[MATERIAL SHOWN]
========

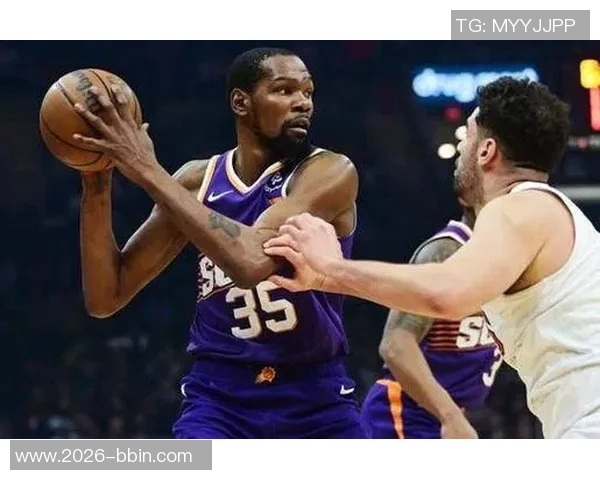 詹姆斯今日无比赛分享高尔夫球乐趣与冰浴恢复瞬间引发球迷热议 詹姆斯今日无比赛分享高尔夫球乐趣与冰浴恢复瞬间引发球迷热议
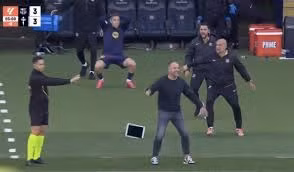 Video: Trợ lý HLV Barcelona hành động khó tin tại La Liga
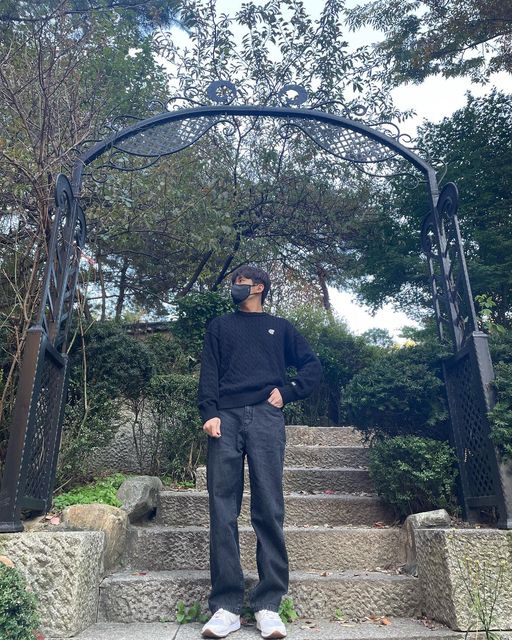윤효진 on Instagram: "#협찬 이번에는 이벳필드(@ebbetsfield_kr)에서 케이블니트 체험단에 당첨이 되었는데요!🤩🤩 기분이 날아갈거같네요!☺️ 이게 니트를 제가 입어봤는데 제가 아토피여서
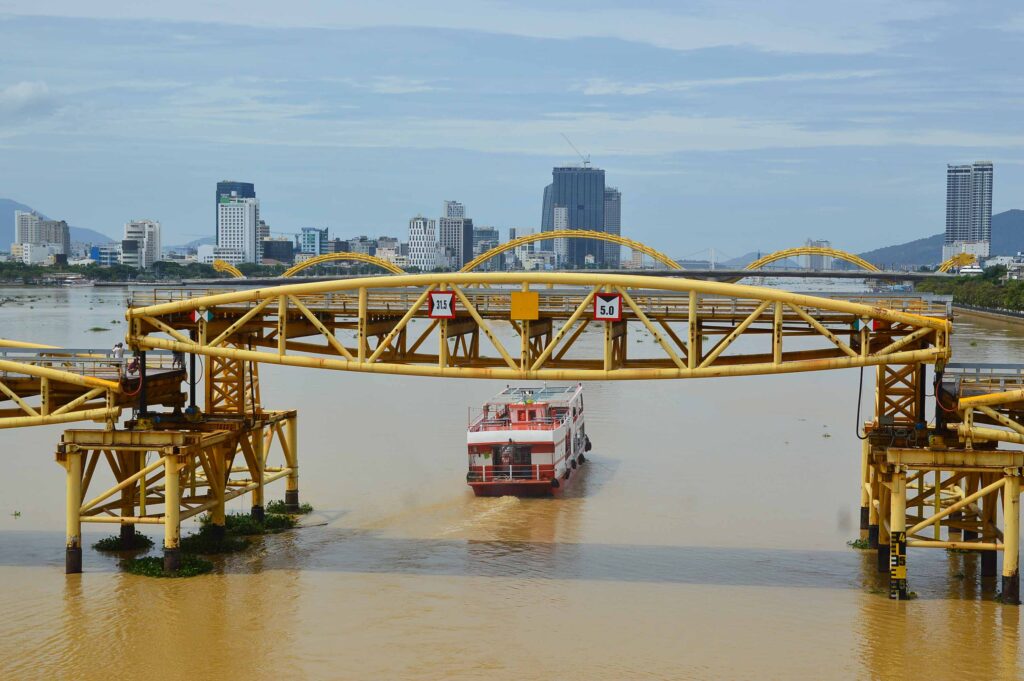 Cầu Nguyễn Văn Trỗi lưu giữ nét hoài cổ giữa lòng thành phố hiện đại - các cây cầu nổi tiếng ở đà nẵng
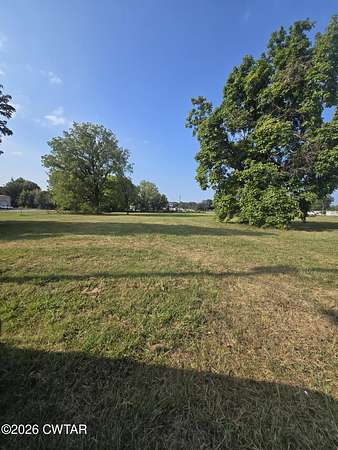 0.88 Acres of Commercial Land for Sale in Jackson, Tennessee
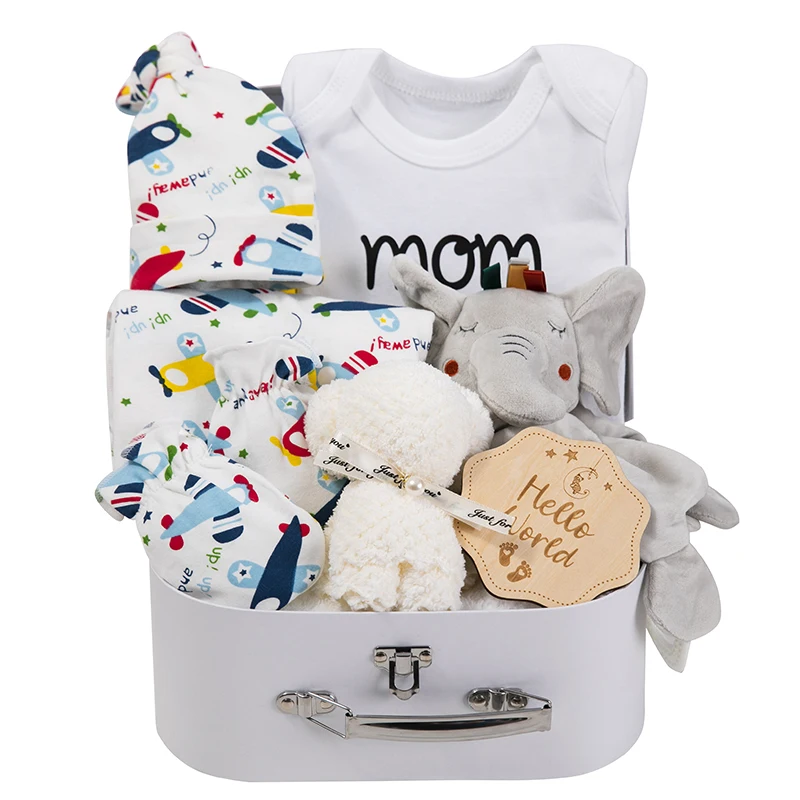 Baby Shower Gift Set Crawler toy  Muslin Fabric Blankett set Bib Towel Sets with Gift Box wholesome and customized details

========

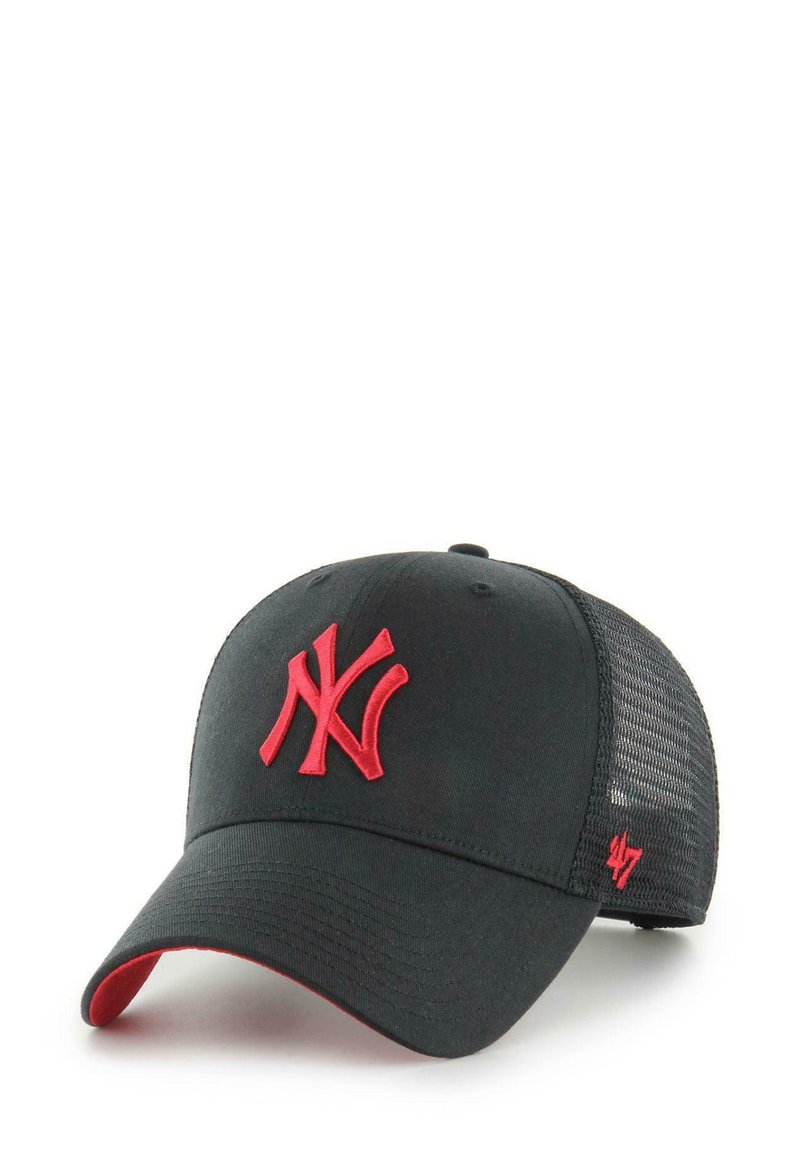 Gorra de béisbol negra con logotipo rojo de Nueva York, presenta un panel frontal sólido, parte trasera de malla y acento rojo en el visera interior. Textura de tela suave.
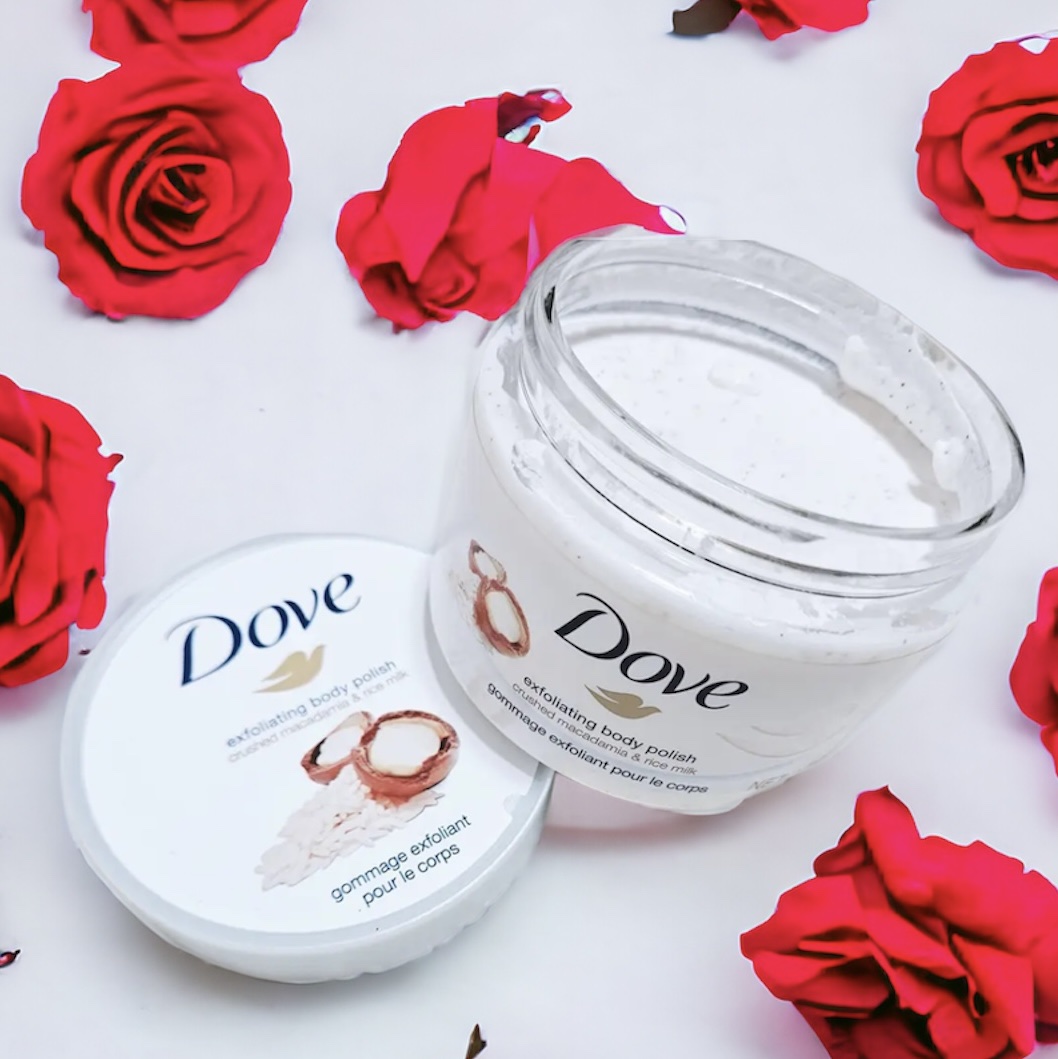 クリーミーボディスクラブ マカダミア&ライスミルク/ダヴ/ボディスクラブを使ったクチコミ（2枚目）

========

[WHAT TO DO] Print nothing but the lines above starting with the line that contains "詹姆斯今日无比赛分享高尔夫球乐趣与冰浴恢复瞬间引发球迷热议 詹姆斯今日无比赛分享高尔夫球乐趣与冰浴恢复瞬间引发球迷热议" and going on through the line that contains "Baby Shower Gift". Leave out the pictures.

[SOLUTION BELOW]
 詹姆斯今日无比赛分享高尔夫球乐趣与冰浴恢复瞬间引发球迷热议 詹姆斯今日无比赛分享高尔夫球乐趣与冰浴恢复瞬间引发球迷热议
 Video: Trợ lý HLV Barcelona hành động khó tin tại La Liga
윤효진 on Instagram: "#협찬 이번에는 이벳필드(@ebbetsfield_kr)에서 케이블니트 체험단에 당첨이 되었는데요!🤩🤩 기분이 날아갈거같네요!☺️ 이게 니트를 제가 입어봤는데 제가 아토피여서
 Cầu Nguyễn Văn Trỗi lưu giữ nét hoài cổ giữa lòng thành phố hiện đại - các cây cầu nổi tiếng ở đà nẵng
 0.88 Acres of Commercial Land for Sale in Jackson, Tennessee
 Baby Shower Gift Set Crawler toy  Muslin Fabric Blankett set Bib Towel Sets with Gift Box wholesome and customized details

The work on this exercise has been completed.